▸ **The data**:

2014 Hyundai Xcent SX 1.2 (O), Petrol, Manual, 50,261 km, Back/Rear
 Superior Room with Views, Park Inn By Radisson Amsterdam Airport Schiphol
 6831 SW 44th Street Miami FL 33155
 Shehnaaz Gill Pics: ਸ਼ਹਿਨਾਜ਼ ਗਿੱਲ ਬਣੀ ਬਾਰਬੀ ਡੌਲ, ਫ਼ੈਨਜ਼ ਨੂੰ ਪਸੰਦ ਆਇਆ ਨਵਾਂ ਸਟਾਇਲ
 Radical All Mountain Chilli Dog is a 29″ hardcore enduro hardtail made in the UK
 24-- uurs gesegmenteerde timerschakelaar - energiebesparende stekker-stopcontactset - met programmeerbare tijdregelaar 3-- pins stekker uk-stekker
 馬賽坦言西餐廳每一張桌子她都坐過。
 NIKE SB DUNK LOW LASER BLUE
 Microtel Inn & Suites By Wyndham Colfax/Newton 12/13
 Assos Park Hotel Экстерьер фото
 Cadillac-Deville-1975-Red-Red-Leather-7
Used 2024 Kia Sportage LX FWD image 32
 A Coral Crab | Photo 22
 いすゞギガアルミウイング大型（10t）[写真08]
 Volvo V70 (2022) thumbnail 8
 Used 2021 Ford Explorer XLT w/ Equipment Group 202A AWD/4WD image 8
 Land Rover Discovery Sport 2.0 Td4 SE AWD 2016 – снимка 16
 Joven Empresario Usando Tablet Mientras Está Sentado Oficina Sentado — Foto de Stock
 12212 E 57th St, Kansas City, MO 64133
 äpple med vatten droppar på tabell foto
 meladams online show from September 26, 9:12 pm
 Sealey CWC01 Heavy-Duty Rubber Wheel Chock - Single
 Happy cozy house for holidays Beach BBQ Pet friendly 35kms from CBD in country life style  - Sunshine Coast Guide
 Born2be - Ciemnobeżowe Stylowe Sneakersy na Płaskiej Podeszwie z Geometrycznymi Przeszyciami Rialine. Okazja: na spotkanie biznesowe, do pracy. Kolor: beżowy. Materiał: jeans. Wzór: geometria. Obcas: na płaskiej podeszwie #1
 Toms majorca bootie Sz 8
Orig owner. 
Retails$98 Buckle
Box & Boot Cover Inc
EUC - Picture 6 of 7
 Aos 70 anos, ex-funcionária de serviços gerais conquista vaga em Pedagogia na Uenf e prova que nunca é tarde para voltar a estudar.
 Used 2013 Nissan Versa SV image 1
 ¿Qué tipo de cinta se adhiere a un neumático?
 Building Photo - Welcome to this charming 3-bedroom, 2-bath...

▸ **Problem description**: Produce a verbatim transcript of the material above.

▸ **Result of this task**:
2014 Hyundai Xcent SX 1.2 (O), Petrol, Manual, 50,261 km, Back/Rear
 Superior Room with Views, Park Inn By Radisson Amsterdam Airport Schiphol
 6831 SW 44th Street Miami FL 33155
 Shehnaaz Gill Pics: ਸ਼ਹਿਨਾਜ਼ ਗਿੱਲ ਬਣੀ ਬਾਰਬੀ ਡੌਲ, ਫ਼ੈਨਜ਼ ਨੂੰ ਪਸੰਦ ਆਇਆ ਨਵਾਂ ਸਟਾਇਲ
 Radical All Mountain Chilli Dog is a 29″ hardcore enduro hardtail made in the UK
 24-- uurs gesegmenteerde timerschakelaar - energiebesparende stekker-stopcontactset - met programmeerbare tijdregelaar 3-- pins stekker uk-stekker
 馬賽坦言西餐廳每一張桌子她都坐過。
 NIKE SB DUNK LOW LASER BLUE
 Microtel Inn & Suites By Wyndham Colfax/Newton 12/13
 Assos Park Hotel Экстерьер фото
 Cadillac-Deville-1975-Red-Red-Leather-7
Used 2024 Kia Sportage LX FWD image 32
 A Coral Crab | Photo 22
 いすゞギガアルミウイング大型（10t）[写真08]
 Volvo V70 (2022) thumbnail 8
 Used 2021 Ford Explorer XLT w/ Equipment Group 202A AWD/4WD image 8
 Land Rover Discovery Sport 2.0 Td4 SE AWD 2016 – снимка 16
 Joven Empresario Usando Tablet Mientras Está Sentado Oficina Sentado — Foto de Stock
 12212 E 57th St, Kansas City, MO 64133
 äpple med vatten droppar på tabell foto
 meladams online show from September 26, 9:12 pm
 Sealey CWC01 Heavy-Duty Rubber Wheel Chock - Single
 Happy cozy house for holidays Beach BBQ Pet friendly 35kms from CBD in country life style  - Sunshine Coast Guide
 Born2be - Ciemnobeżowe Stylowe Sneakersy na Płaskiej Podeszwie z Geometrycznymi Przeszyciami Rialine. Okazja: na spotkanie biznesowe, do pracy. Kolor: beżowy. Materiał: jeans. Wzór: geometria. Obcas: na płaskiej podeszwie #1
 Toms majorca bootie Sz 8
Orig owner. 
Retails$98 Buckle
Box & Boot Cover Inc
EUC - Picture 6 of 7
 Aos 70 anos, ex-funcionária de serviços gerais conquista vaga em Pedagogia na Uenf e prova que nunca é tarde para voltar a estudar.
 Used 2013 Nissan Versa SV image 1
 ¿Qué tipo de cinta se adhiere a un neumático?
 Building Photo - Welcome to this charming 3-bedroom, 2-bath...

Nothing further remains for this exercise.